Diaries of a Spaceport Janitor by Sundae Month
Mort from Planescape: Torment accompanies you (maybe) in this "super early build" of Sundae Month's spaceport janitor game. There's not much to do, and there is lots of scenery to clip through, but there's the beginning here of something potentially very interesting—even if I'm not quite sure what that is yet. "You feel hungry," says the game, and you can satiate this hunger with stuff lying around the low poly desert environment. It's mostly eyeballs at the moment, which turn the screen woozy when gobbled and make it difficult to get about. I have no idea what's going on, or why that skull is following me, and I like that.
There was a Caveman by aamatniekss
TwaC (I love that acronym) is a little like a freebie demake of Volgarr the Viking; it's a difficult platformer set in prehistoric times, when friendly checkpointing hadn't been invented yet. I'm not convinced by the physics in this early alpha version—jumping seems to send you forward a little against your will, making it fiddly to land with precision—but if you're looking for a good, old-fashioned platformer and your significant other has frozen your bank account, then you're in luck. Well, not with the bank thing, but what I'm saying is that you can play TwaC for free. Chrome doesn't like it, of course, but that only means you should play it all the harder.

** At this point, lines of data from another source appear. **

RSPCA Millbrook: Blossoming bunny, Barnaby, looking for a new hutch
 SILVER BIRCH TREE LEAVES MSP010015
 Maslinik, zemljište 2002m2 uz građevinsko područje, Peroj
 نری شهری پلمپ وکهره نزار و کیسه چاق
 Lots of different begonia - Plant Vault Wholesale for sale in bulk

Hoplite Challenge Mode by Douglas Cowley
After hearing people bang on about Hoplite for must be, no exaggeration, ninety billion years, I finally have a chance to play it without buying an iWhatsit or upgrading my android phone. Or a version of it at least. Hoplite Challenge Mode takes the apparently-very-good puzzley tactical roguelike and mucks about with the mechanics, giving players a fixed bunch of skills for each level and asking them to survive, which is extraordinary difficult of course. Not having played the original Hoplite, I'm in alien territory, but if you have had the pleasure and you're up to a challenge, this seems like a mighty extension of Douglas Cowley's game. You're given absolutely no help, so reading up on the base game is a must. (Ta, RPS.)

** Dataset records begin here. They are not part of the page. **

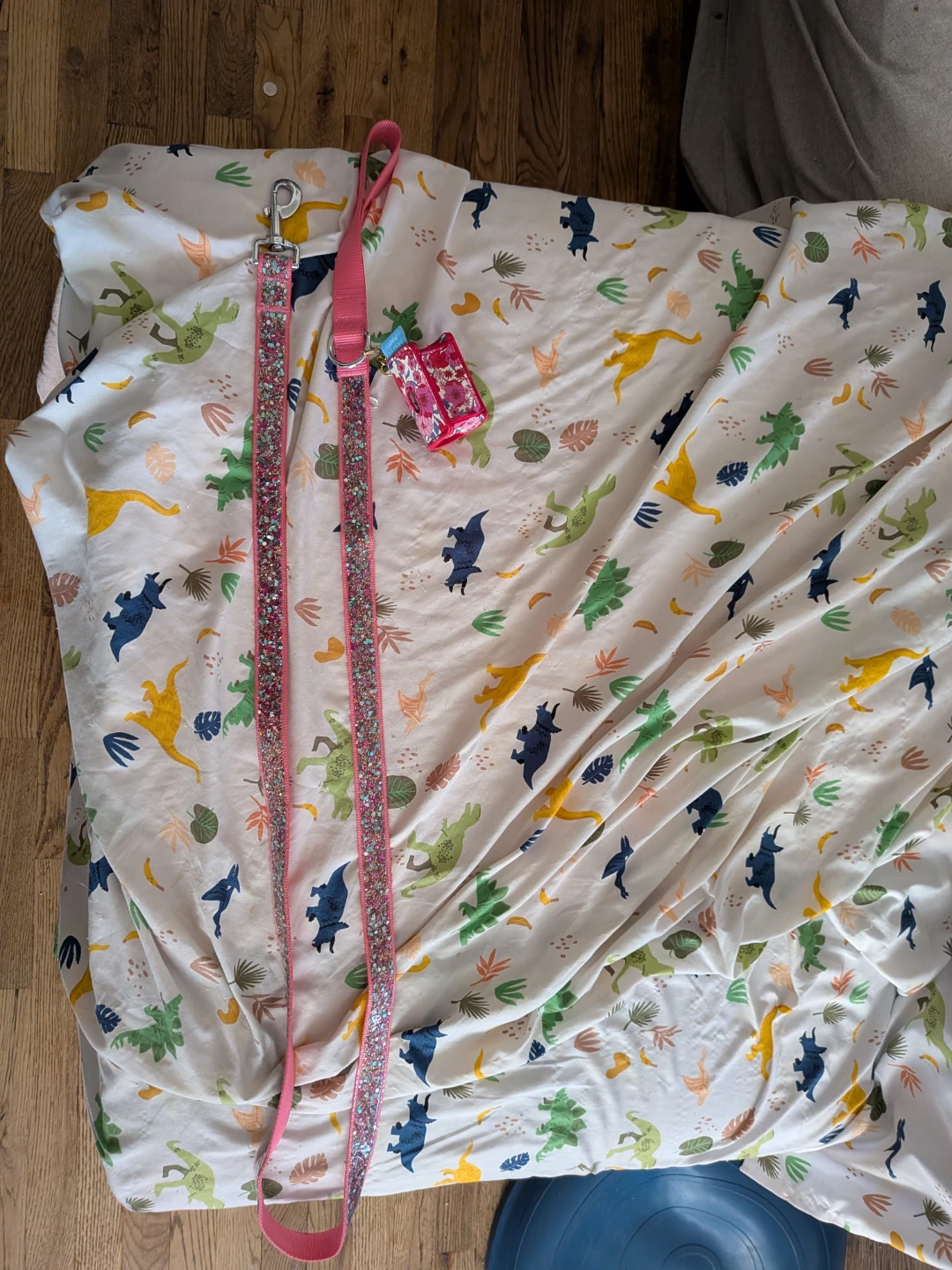 Draper James Floral Dog Leash and Waste Bag Holder
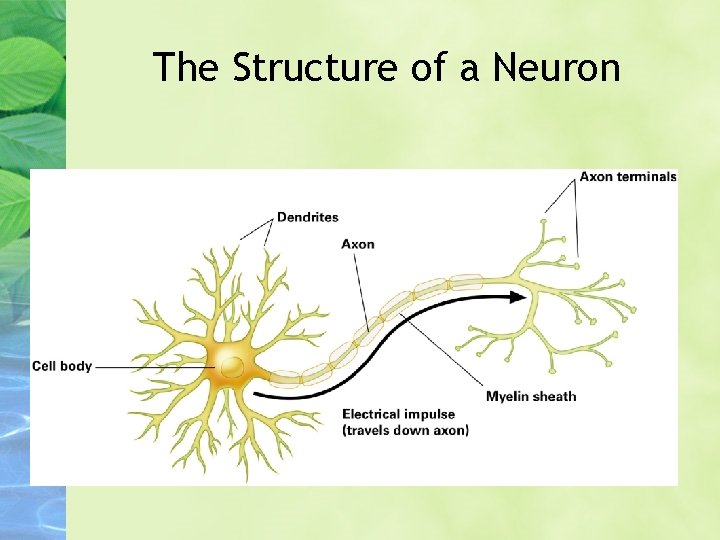 The Structure of a Neuron 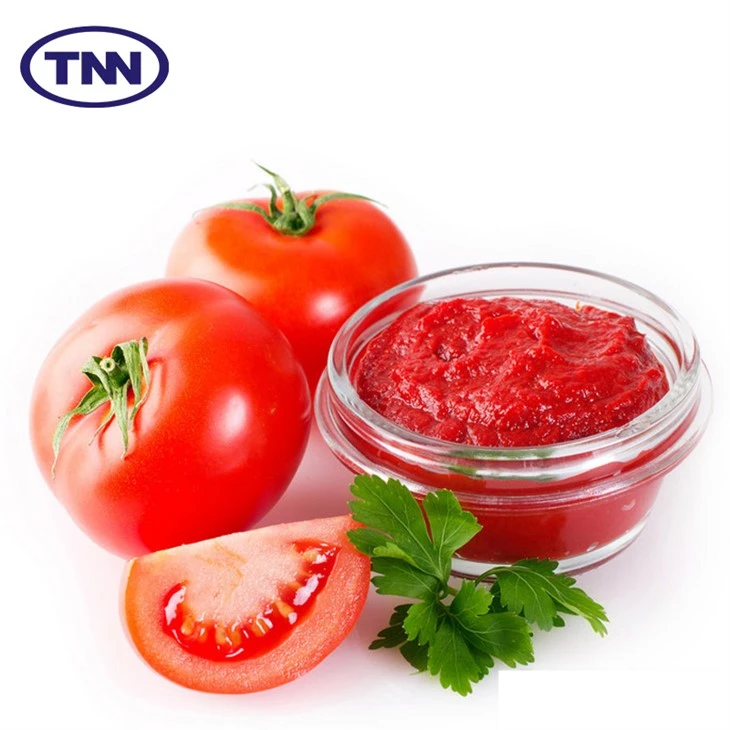 Tomato Paste manufacture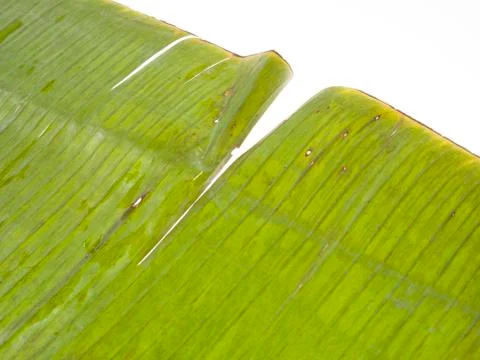 Texture of Palm Leaf Stock Photos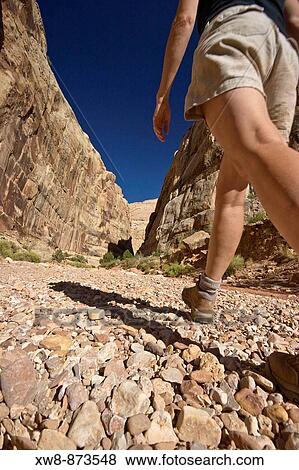 Woman hiking into the Grand Wash slot canyon in Capital Reef National Park, Utah View Large Photo Image Stock Photo - Woman hiking into the Grand Wash slot canyon in Capital Reef National Park, Utah. Fotosearch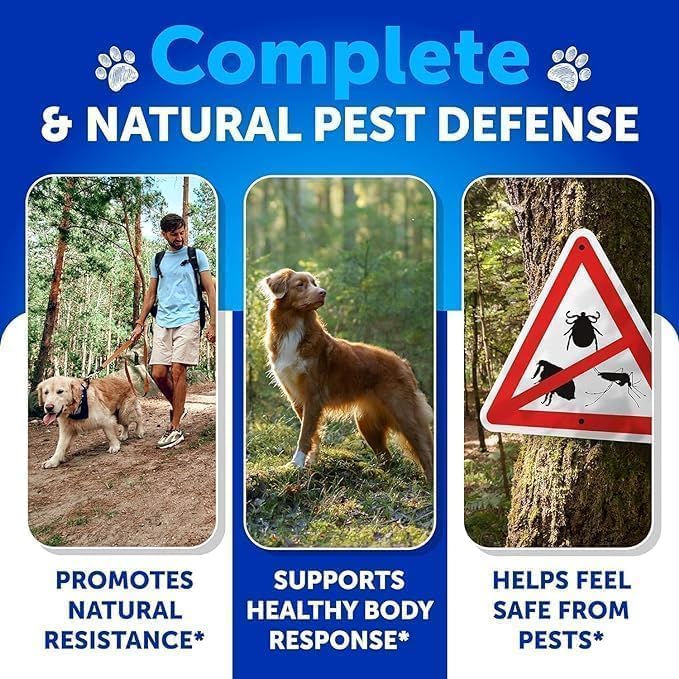 Flea and Tick Prevention for Dogs Chewables - Made in USA - Natural Flea and Tick Supplement for Dogs - 240 Immune Support Chews (2 Pack) - Vitamins B1, B6, B12 - All Breeds and Ages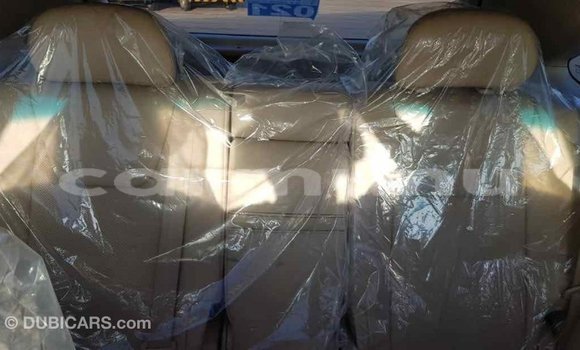 Buy Import Lexus RX 350 White Car in Import - Dubai in Region of Bouenza Buy Import Lexus RX 350 White Car in Import - Dubai in Region of Bouenza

Here Is Where I Carve My Heart by Kitty Horrorshow
HIWICMH (I'm all about the acronyms today) is Crackdown but with poetry, and also there's a giant ominous purple pyramid. Blessed with a lovely big jump, your aim is to collect those blue crystals, which emit a lovely sentence when picked up. "A solitary pyramid that exists to remind you that you are wondrous," offers Kitty Horrorshow, and surely we could all use one of those at some point. This is serene, enveloping, and very purple. I like jumping around on a pyramid, because why wouldn't I?
House Globe by Oxeye Game Studio
My definition of "the best free games of the week" is pretty loose, but I'm surprised it hasn't snapped with this latest gratis offering. House Globe was made in 2008, which is ages ago unless you're a time traveller (and if you are, I imagine you'd be too busy rolling around in money and assassinating Hitlers to bother reading this column). Having stumbled upon it this week though, it seemed like an apposite time to bring it to your attention, particularly given it's subject matter. It's a 2D, pixel art demake of Homeworld, the elegant space opera recently spruced up by Gearbox.
You can play multiplayer online, you can play on your own, but whichever mode you choose you'll be greeted by a superb realisation of Homeworld's glacial resource-gathering, building, and frigate-exploding action. It even begins with bloody Adagio for Strings! It might take a while to find an enemy in the sizable map, but you'll need the time to shore up your army, using the gorgeous build menu, which is narrated by a GLaDOS-like AI.